After years of complaints and mounting tensions in New York City public schools, civil liberties activists have filed landmark lawsuit against the city government and police force. The NYCLU accuses the NYPD’s School Safety Division of systematically violating children’s civil rights and creating a school climate of violence, arbitrary arrest and discrimination. The NYPD’s School Safety Division has drastically expanded the police presence in schools, following the NYPD’s takeover of security duties in the late 1990s. Today, the city has filled school hallways with more than 5,000 school safety officers (uniformed security personnel, not regular police). As a result, advocates say school grounds often resemble a police state, where students, particularly Black and Latino youth, are terrorized by ill-trained security authorities, who might handcuff them for carrying a cell phone or drawing on a desk. In one of the alleged incidents, Dajia (pictured above), an eighth-grader at Lou Gehrig School in the Bronx tried to avoid bullying and ended up being brutalized by the officers tasked with protecting her. In a testimony published by the NYCLU, she recalls:
My mom had just dropped me off at school when two women I didn’t know came up to me and my two friends outside the school. They were acting all rowdy and yelling. I was scared of them so I texted my mom. But the School Safety Officer who responded to the ruckus told the women to go into the school and told me to go inside also. My friend was crying and I didn’t want to go into school with the women because I was afraid and wanted to wait for my mother. So the officer started grabbing my arm and pulling on me to drag me into school. Then two more officers came and they started pulling on me, too. One pushed me in the chest and handcuffed me. When we got into the building, that same officer tripped me and I fell face down on the ground. The officer put her knees on my back and taunted me, telling me to get up while she was pinning me on the ground. She finally pulled me up and took me into the school safety room and pushed me into a desk. I sat there handcuffed and scared until they finally let me see my mom. They let me go. Since that time, I’ve had to go to the doctor for stomach and back problems. And I’m scared a lot of the time. I feel unsafe at school. I’m afraid that that School Safety Officers could attack me again for no reason. I just want the school year to be over so I can be a normal kid again. I shouldn’t have to be scared of school.
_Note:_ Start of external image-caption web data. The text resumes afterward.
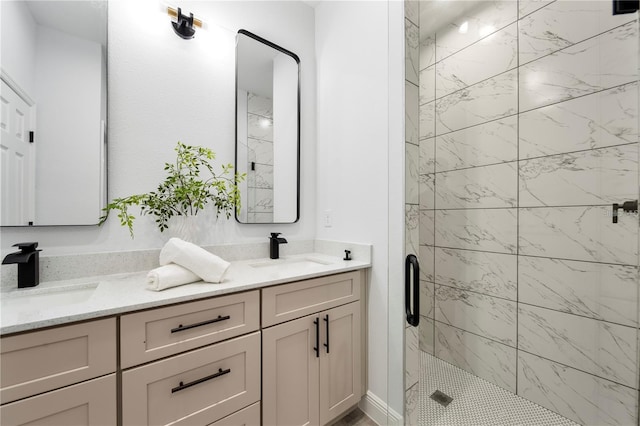 bathroom featuring a stall shower and double vanity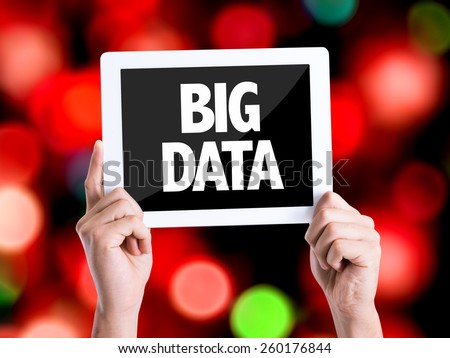 Tablet pc with text Big Data with bokeh background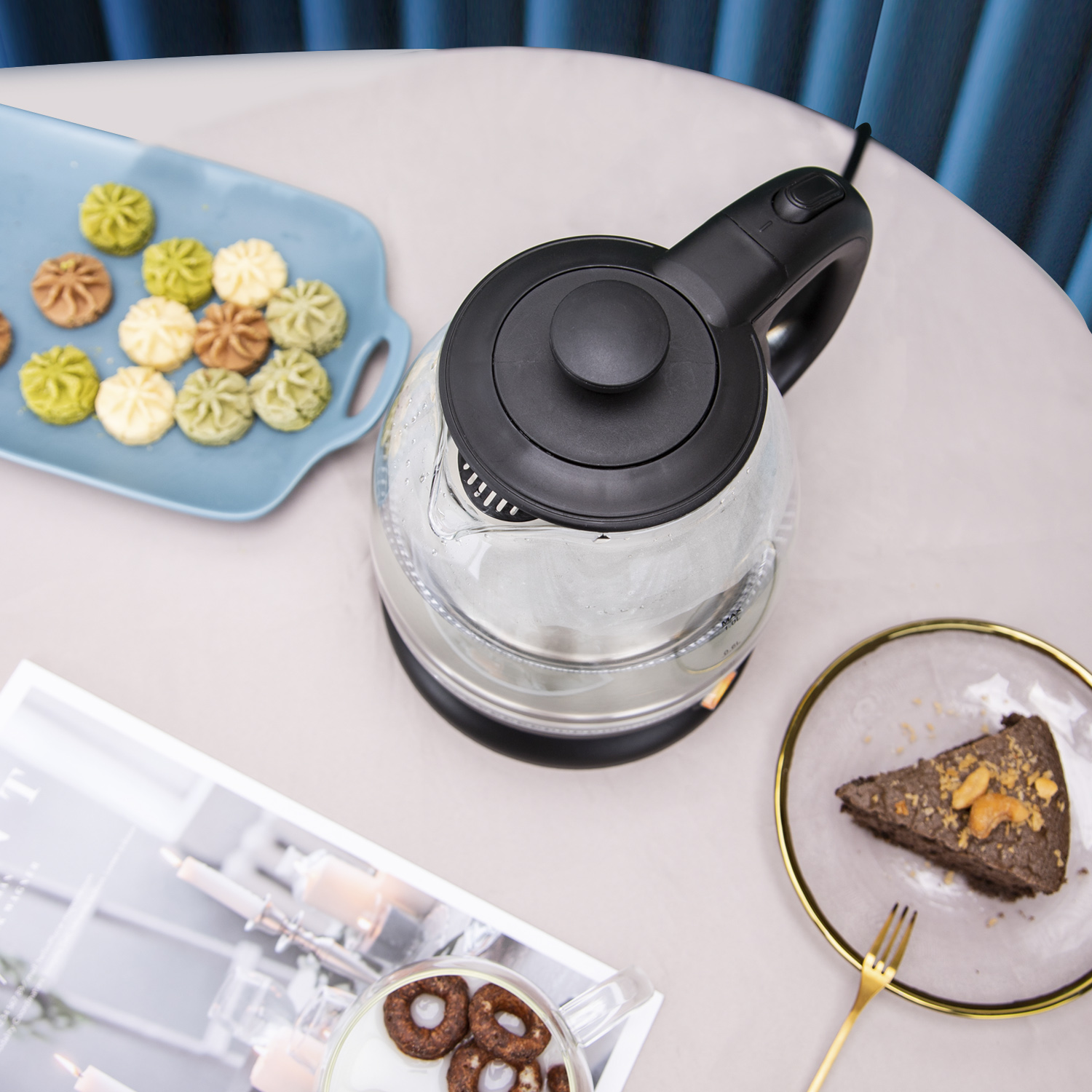 Glaskessel mit schwarzem Griff und Deckel auf Tisch mit Keksen und Kuchen.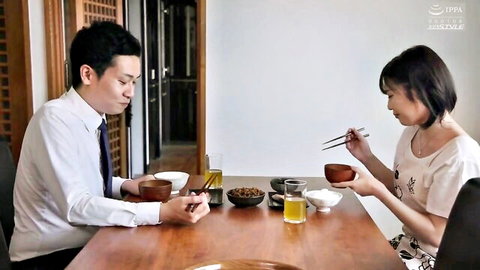 Japanese couple sharing intimate dinner with chopsticks at wooden table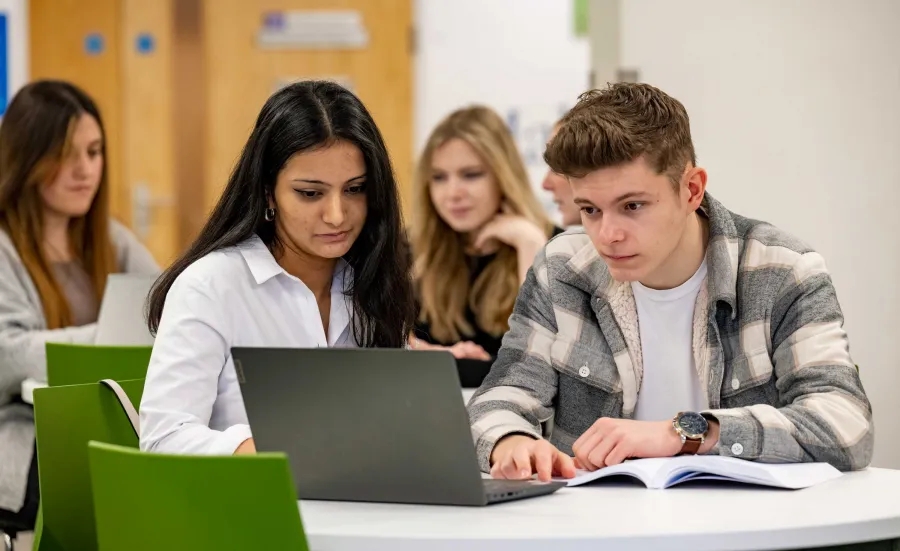 Two students at a table with a laptop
The lawsuit seeks to hold the NYPD accountable for allowing rampant abuse by security officers. The underlying problem isn’t a personnel issue, but the psychology of fear that permeates the educational experience. Since the criminalization of youth and the militarization of schools disproportionately impacts children in communities of color, the city is perpetuating a two-tier educational system–in which white and affluent children are expected to aspire and excel, and poor children of color are shunted into classrooms designed to contain and control them. The NYCLU argues in its complaint:
As a result of these policies and practices, students fear the School Safety Officers in their schools. Many avoid certain hallways where they know a School Safety Officer will be patrolling; some even avoid going to school altogether for these reasons. Students report that they feel like criminals when they enter the school building. Fearful of abuse by the School Safety Officers assigned to their schools, many of these students are forced to transfer to different schools, creating significant disruptions to their education. Indeed, studies show that excessive policing in schools is likely to produce alienation and mistrust among students, and compromise the educational climate of schools, and may actually increase student disorder.
In short, school is a scary place for many children, and students who might otherwise thrive intellectually and socially are pushed away by adults who treat them as nuisances, or outright criminals. The same day the suit was filed, Mayor Michael Bloomberg, who has boasted of a statistical decline in school-related crimes, vowed to crack down on truancy in his annual State of the City Address. He declared, "staying out of trouble starts with staying in school." Maybe attendance would be less of a problem if the Mayor realized that the safety measures intended to make schools secure for learning have instead made them unsafe for children.